Au conseil municipal depuis 14 ans, dont les six dernières à la mairie, Gilles Marchand estime que l’équipe actuelle travaille bien, que le beat est bon. «On aimerait ça que ça continue!»

En un an et demi, la population de la Municipalité est passée d’environ 960 à 1 005 habitants, une «vague» qu’il faut continuer d’entretenir et de faire grossir, dit M. Marchand.

Ces résidants saisonniers ayant transformé leur chalet en résidence et le projet de développement résidentiel y sont sûrement pour quelque chose, croit-il, la Municipalité ayant donné près d’une quinzaine de ses 21 terrains rue des Riverains pour stimuler la construction résidentielle.

Et bientôt, le maire s’attend à ce que la Commission de protection du territoire agricole du Québec (CPTAQ) donne son feu vert à la construction résidentielle dans les douze îlots déstructurés du territoire de Saint-Louis-de-Blandford. «Il y aurait de la place pour une quarantaine de résidences.»

En août, annonce-t-il, les citoyens seront appelés à une rencontre d’information sur ce projet de construction d’un bâtiment multifonctionnel, pour abriter la patinoire et des organismes de la communauté de Saint-Louis. «Les loisirs, le culturel et le social, ça permet d’attirer des familles.»

Le but ultime de cette nouvelle construction (en deux ou trois phases) vise à libérer l’ancienne école où cohabitent, tant bien que mal, la caserne de pompiers, le bureau municipal, des organismes, explique encore M. Marchand.

Enfin, le conseil doit aussi favoriser le développement commercial, profiter du fait que Saint-Louis possède sa vitrine sur l’autoroute 20. «Nous sommes la porte d’entrée de la MRC d’Arthabaska sur l’autoroute. Notre situation géographique est stratégique, il faut en profiter.»

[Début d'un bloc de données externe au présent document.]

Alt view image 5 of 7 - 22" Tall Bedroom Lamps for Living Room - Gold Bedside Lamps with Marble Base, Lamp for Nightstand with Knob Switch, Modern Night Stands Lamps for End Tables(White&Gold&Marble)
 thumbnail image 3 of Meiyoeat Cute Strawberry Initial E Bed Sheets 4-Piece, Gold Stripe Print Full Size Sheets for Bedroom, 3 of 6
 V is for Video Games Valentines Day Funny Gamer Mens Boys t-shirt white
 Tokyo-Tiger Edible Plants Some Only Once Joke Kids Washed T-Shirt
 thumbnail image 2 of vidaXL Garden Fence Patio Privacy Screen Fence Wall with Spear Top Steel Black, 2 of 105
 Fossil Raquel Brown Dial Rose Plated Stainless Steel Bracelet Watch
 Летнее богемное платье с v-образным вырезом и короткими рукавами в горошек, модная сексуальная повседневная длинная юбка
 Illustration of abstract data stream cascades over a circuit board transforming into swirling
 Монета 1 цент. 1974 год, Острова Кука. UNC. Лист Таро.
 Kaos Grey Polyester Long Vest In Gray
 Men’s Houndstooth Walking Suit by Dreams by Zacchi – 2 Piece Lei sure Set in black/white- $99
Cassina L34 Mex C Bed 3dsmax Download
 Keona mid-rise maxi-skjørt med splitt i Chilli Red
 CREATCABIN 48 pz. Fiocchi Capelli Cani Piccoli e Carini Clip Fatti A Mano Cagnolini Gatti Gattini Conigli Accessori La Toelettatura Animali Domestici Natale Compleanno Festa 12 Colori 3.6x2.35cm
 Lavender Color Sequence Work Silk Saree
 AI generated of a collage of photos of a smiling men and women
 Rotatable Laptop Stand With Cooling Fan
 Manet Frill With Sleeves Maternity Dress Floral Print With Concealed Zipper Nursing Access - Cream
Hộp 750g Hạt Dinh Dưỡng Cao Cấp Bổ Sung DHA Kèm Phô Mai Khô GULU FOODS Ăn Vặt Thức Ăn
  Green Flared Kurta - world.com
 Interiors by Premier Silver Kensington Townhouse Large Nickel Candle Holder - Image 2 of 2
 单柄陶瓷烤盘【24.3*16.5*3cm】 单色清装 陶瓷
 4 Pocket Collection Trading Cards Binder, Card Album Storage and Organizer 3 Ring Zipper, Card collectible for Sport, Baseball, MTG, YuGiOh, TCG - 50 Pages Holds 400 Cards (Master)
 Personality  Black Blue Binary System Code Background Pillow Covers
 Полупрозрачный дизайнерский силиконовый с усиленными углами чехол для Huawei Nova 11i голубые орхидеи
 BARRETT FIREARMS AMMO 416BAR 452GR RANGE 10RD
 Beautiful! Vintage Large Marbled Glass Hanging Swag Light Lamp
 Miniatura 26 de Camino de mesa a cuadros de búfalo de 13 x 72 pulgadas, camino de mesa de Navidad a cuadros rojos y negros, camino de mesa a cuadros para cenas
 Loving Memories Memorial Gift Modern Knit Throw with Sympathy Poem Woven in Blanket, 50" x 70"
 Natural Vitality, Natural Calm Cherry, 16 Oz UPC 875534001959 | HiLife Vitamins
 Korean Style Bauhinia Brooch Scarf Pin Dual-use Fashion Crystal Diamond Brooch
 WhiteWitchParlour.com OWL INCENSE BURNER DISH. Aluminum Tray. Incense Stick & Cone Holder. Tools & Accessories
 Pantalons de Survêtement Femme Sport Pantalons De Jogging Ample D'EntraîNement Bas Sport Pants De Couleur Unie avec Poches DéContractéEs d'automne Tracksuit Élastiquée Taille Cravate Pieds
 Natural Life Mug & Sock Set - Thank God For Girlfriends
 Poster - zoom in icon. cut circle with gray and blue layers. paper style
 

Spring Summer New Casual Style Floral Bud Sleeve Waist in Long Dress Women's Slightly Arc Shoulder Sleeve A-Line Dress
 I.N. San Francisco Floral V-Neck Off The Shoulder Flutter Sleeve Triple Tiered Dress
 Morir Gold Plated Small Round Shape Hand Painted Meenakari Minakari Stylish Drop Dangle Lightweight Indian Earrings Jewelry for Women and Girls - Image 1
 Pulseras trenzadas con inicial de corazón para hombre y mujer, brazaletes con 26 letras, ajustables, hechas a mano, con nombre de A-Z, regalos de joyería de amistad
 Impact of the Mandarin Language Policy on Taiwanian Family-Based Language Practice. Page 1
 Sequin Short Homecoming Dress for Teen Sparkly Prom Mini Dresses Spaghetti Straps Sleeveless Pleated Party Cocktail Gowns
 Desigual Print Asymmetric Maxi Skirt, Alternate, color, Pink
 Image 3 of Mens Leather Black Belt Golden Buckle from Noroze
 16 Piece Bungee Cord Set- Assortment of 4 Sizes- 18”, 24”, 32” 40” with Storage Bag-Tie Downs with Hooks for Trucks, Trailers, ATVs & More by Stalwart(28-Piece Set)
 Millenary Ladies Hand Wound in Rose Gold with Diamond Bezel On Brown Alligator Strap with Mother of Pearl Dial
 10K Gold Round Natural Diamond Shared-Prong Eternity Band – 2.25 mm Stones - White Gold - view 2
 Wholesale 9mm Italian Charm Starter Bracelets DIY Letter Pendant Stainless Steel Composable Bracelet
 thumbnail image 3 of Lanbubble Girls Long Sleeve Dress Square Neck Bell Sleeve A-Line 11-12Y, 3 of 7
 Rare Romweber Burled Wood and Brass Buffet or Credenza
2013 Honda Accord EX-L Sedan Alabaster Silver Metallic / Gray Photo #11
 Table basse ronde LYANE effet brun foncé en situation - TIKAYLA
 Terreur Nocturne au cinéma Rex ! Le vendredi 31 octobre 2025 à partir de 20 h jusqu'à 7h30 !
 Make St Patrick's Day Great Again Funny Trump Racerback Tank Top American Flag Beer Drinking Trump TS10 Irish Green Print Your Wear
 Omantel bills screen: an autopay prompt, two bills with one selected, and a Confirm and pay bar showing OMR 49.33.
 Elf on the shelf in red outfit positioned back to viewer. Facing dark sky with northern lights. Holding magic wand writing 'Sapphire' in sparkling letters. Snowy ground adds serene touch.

Gilles Marchand pointe aussi cette usine désaffectée depuis l’hiver à la suite de la faillite de Planchers Saint-Louis, «un beau grand bâtiment qui pourrait accueillir une autre entreprise». Il se réjouit que dans la zone industrielle de Saint-Louis, trois autres usines tournent rondement.

La dernière fois, l’an dernier, que les citoyens ont été appelés aux urnes à Saint-Louis, ils ont eu le choix entre six candidats pour terminer le mandat d’un conseiller démissionnaire. Y’aura-t-il une telle cohue en vue du scrutin du 1er novembre? «Tout paraît tranquille, en tout cas pour l’instant. Mais il faut se méfier des eaux qui dorment», répond le maire Marchand.